(Records from a collection)

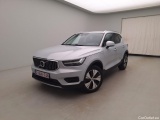  Volvo  XC 40 Volvo, XC40 '17 PHEV, Volvo XC40 T4 Recharge Geartronic Inscription Expr #2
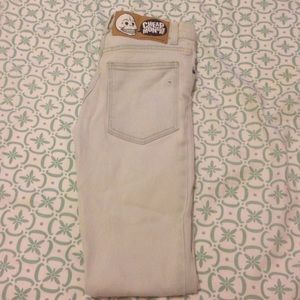 Cheap Monday Jeans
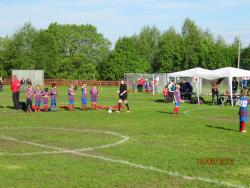 IMG_1143.jpg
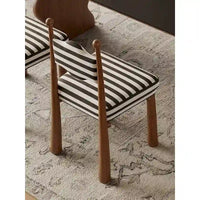 Bol Sant Chaise de salle à manger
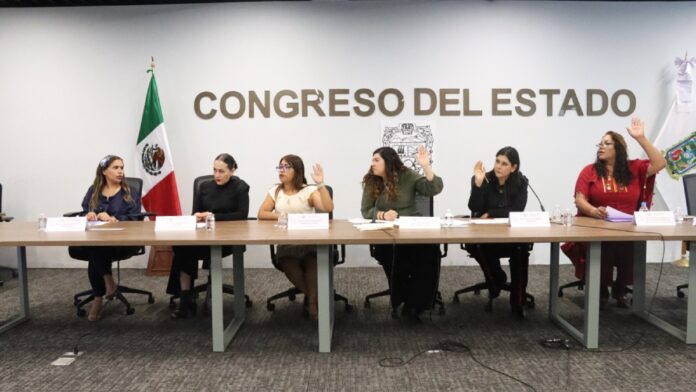 Comisión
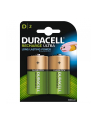 Duracell Akku 2x D - nr 3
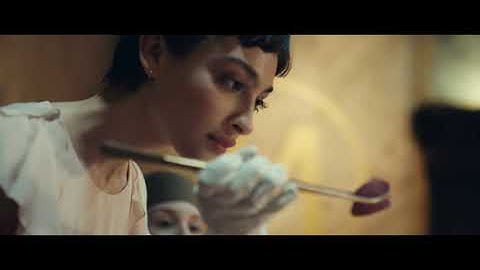 Magnum Ruby - 30" Australia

* EXERCISE REQUIREMENTS
Without the pictures, transcribe the lines from the one containing "Cheap Monday Jeans" through the end of the data, exactly and only those.

* TASK ANSWER
 Cheap Monday Jeans
 IMG_1143.jpg
 Bol Sant Chaise de salle à manger
 Comisión
 Duracell Akku 2x D - nr 3
 Magnum Ruby - 30" Australia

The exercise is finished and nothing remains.